Exercise brief ▸ In the entries below, begin at the line that has "Magsafe対応 iPhone16 防水ケー...の詳細画像4" and stop after the line that has "Women Yellow Mesh"; output those lines exactly, leaving out pictures.

Record set ▸

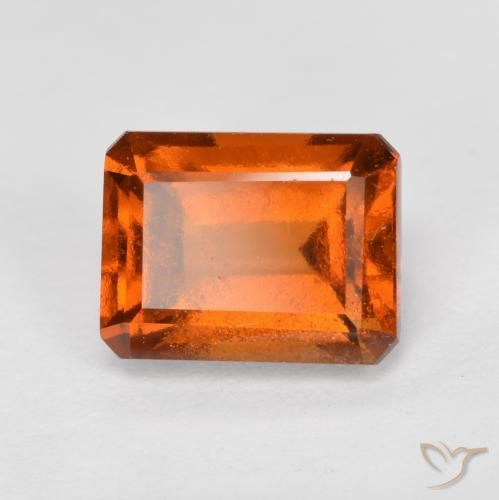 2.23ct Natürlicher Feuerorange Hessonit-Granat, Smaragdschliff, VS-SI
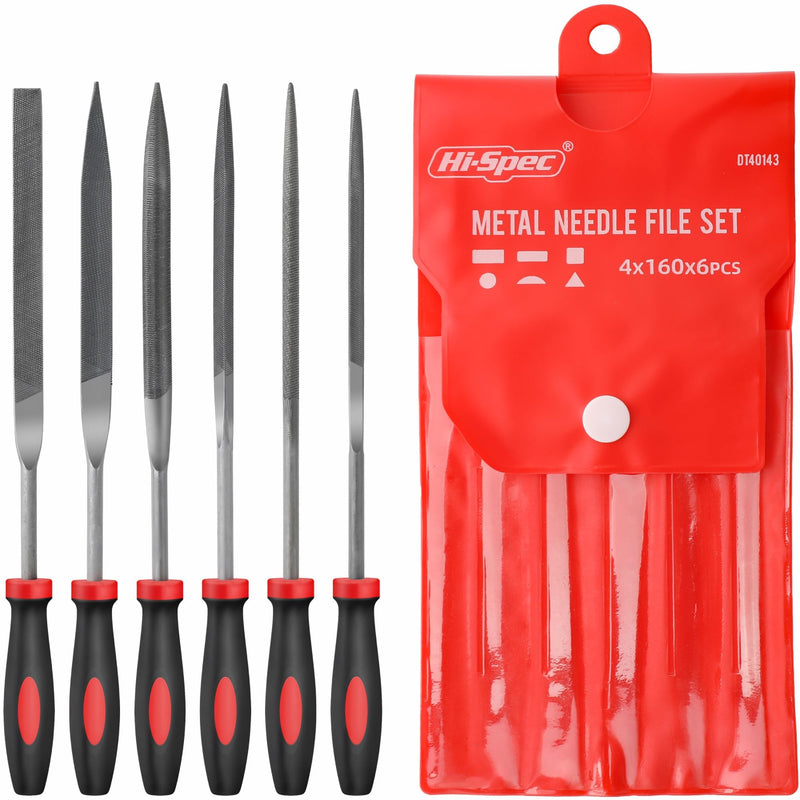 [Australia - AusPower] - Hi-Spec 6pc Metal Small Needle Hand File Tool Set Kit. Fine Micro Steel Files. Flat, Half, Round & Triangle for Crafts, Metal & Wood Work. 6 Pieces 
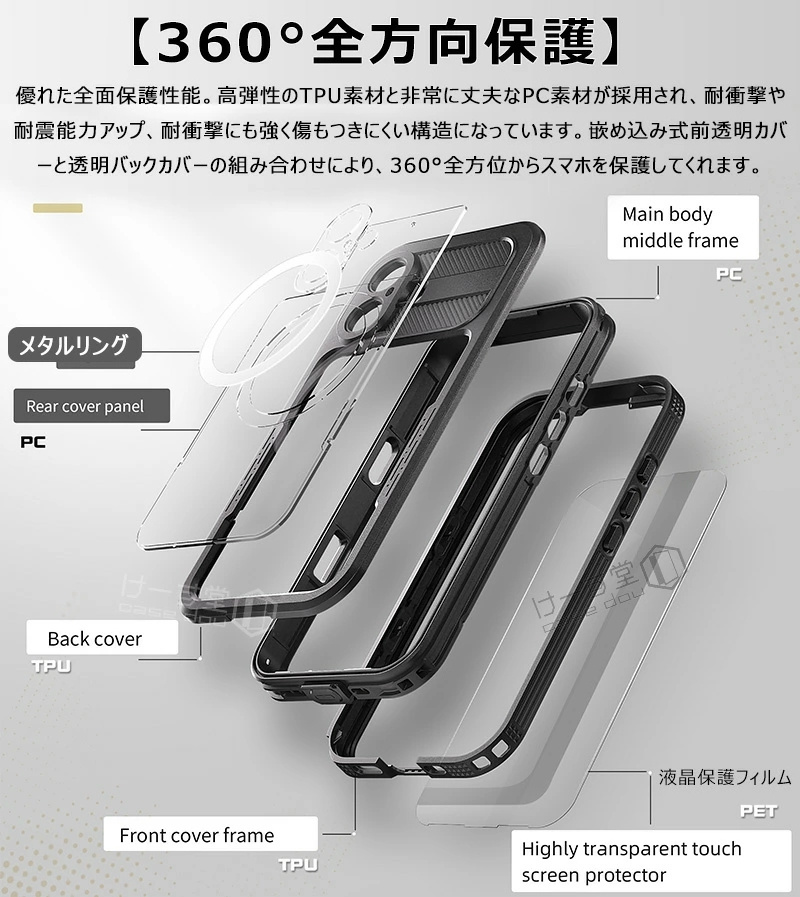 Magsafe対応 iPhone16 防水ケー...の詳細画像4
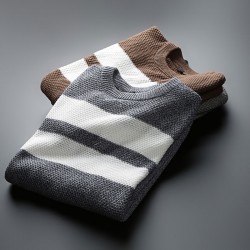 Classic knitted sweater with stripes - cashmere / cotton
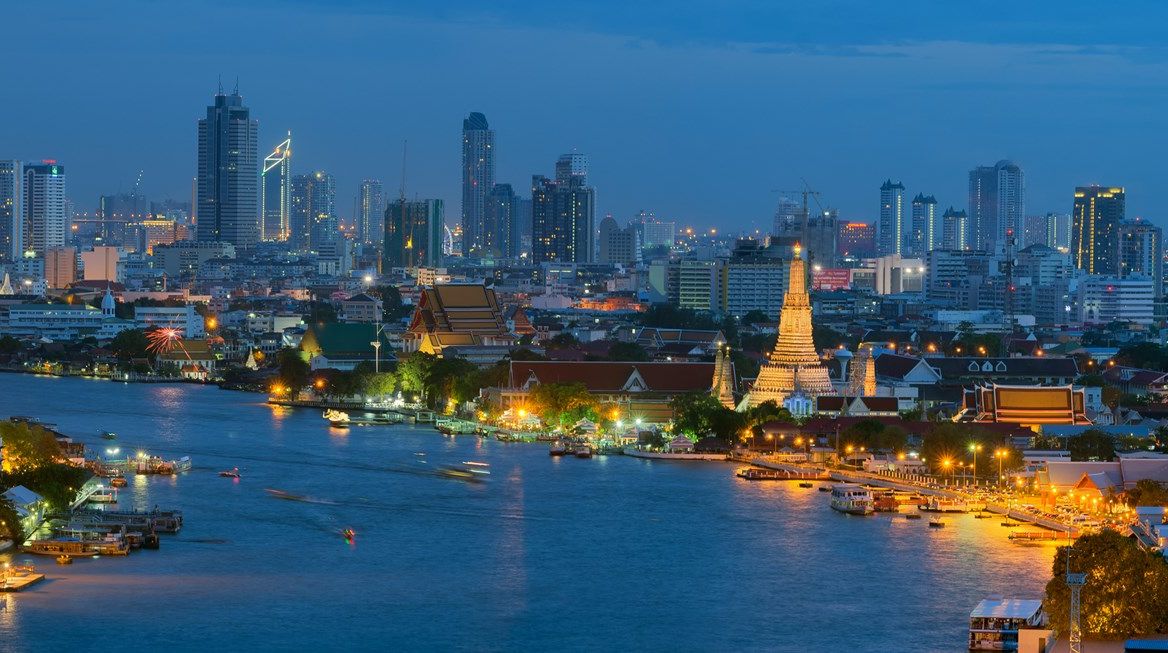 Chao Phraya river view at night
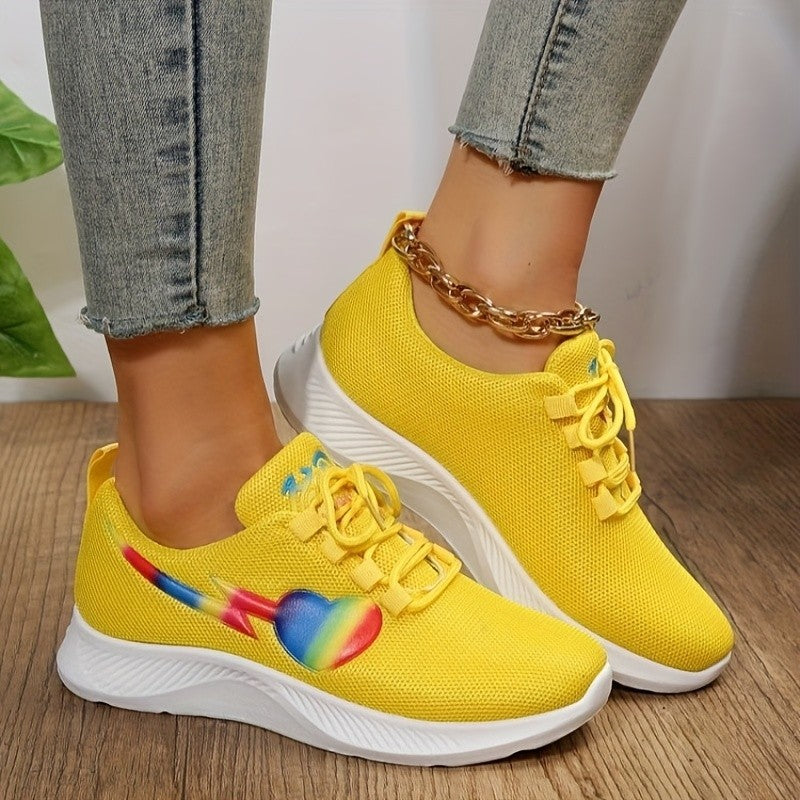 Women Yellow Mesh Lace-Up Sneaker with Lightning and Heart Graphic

...

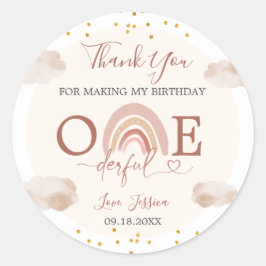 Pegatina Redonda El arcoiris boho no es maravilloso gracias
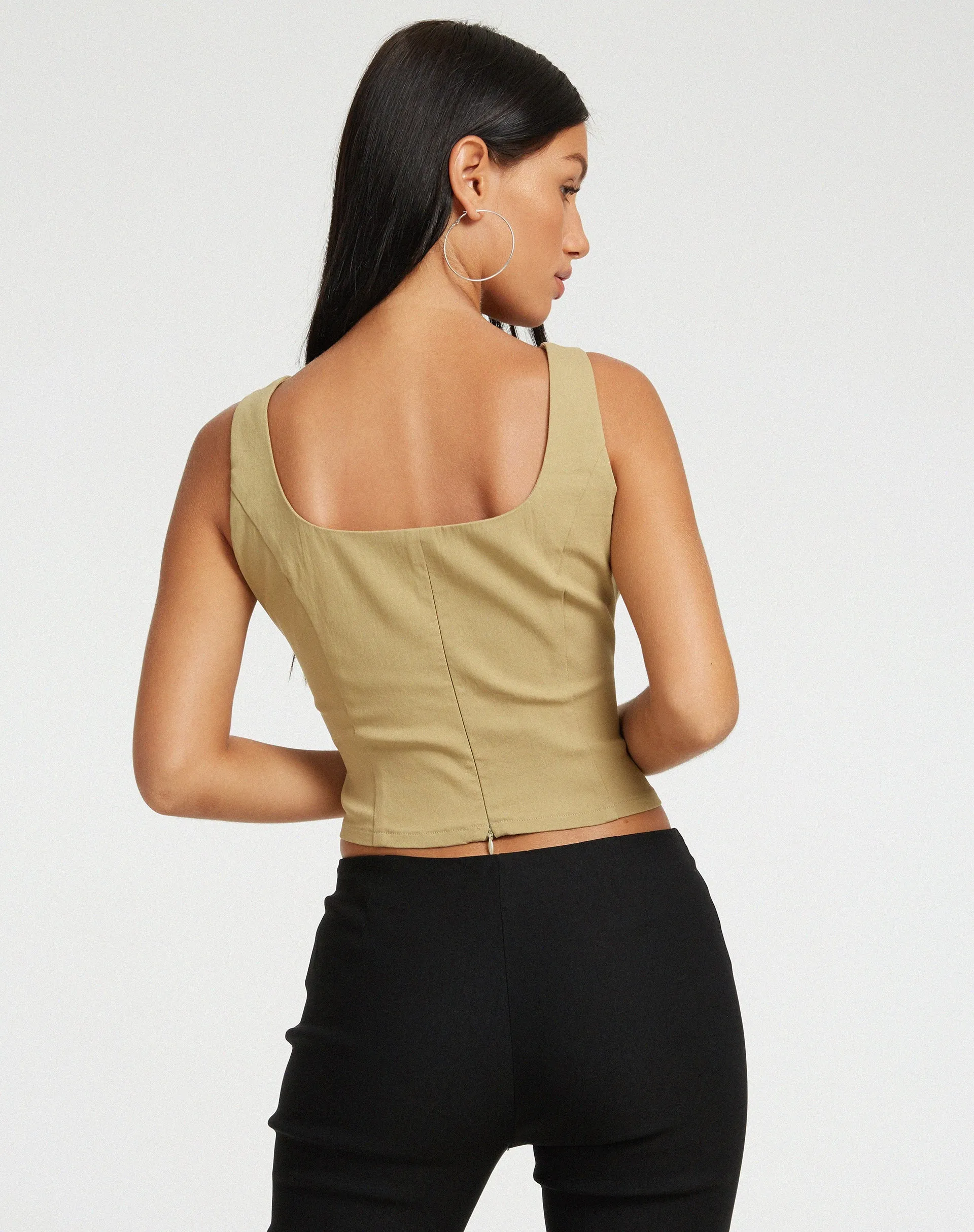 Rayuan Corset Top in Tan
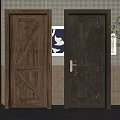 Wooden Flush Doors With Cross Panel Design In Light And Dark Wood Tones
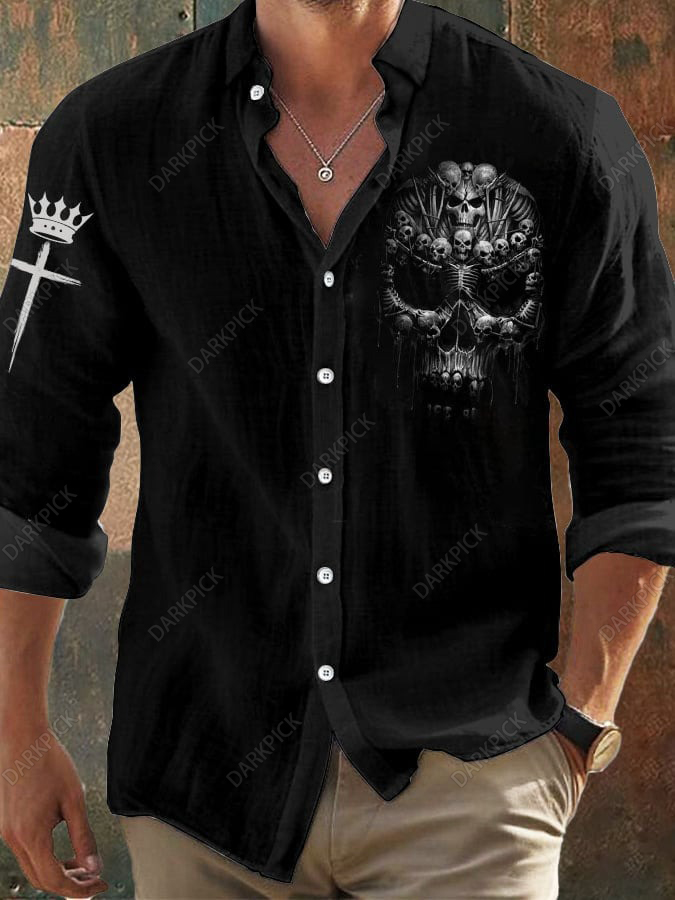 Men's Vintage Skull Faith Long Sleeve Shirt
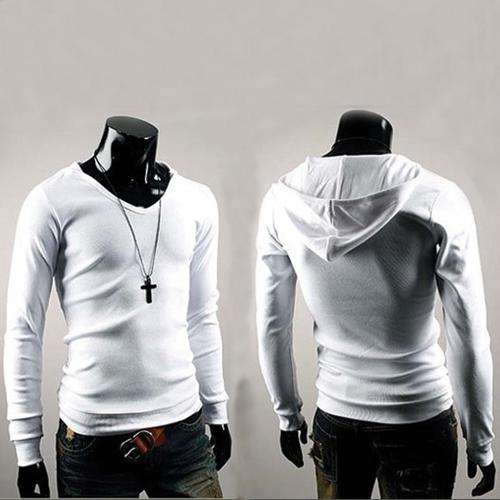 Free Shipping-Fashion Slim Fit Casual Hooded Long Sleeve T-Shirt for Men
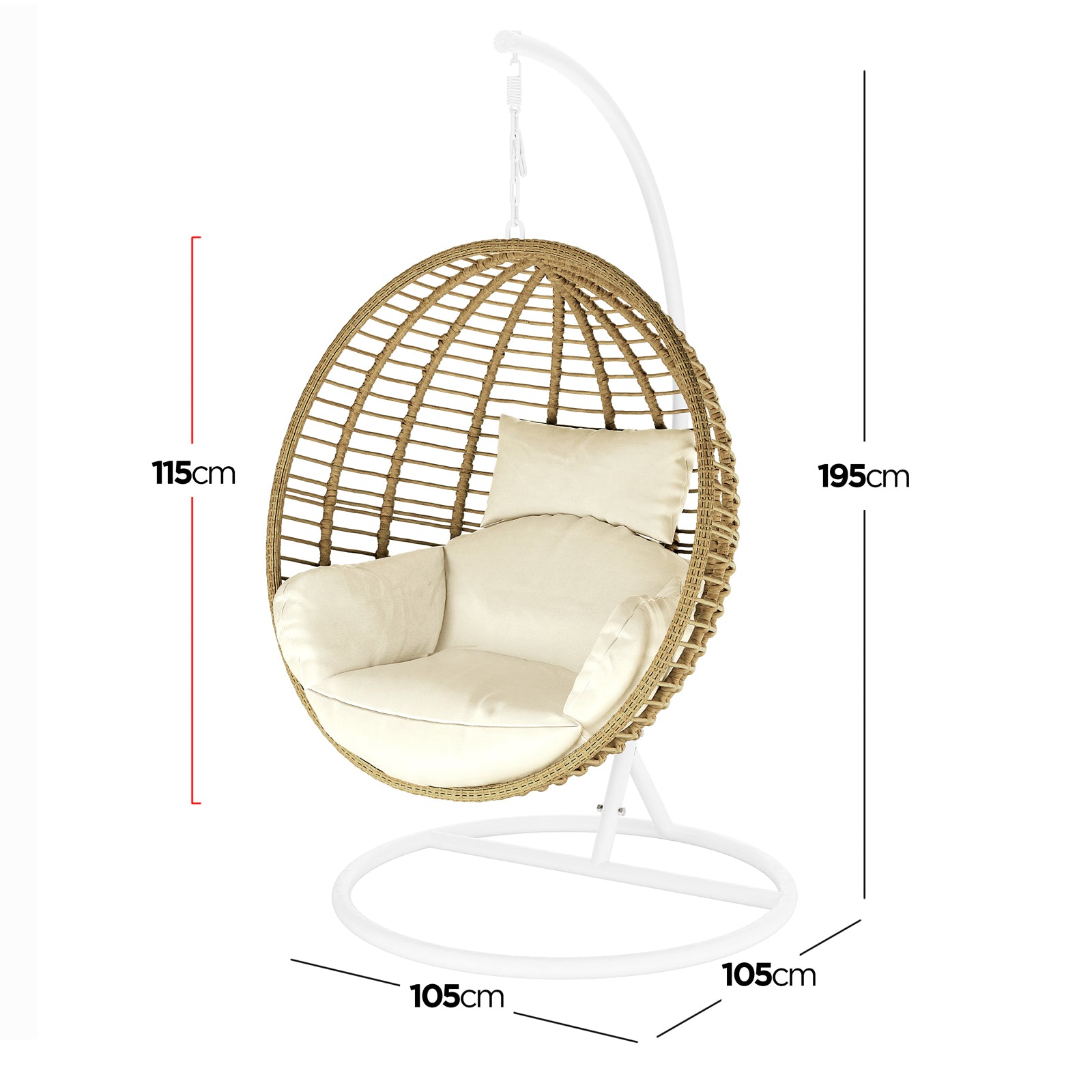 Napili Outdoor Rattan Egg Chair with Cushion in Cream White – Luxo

Output of the exercise ▸
 Magsafe対応 iPhone16 防水ケー...の詳細画像4
 Classic knitted sweater with stripes - cashmere / cotton
 Chao Phraya river view at night
 Women Yellow Mesh Lace-Up Sneaker with Lightning and Heart Graphic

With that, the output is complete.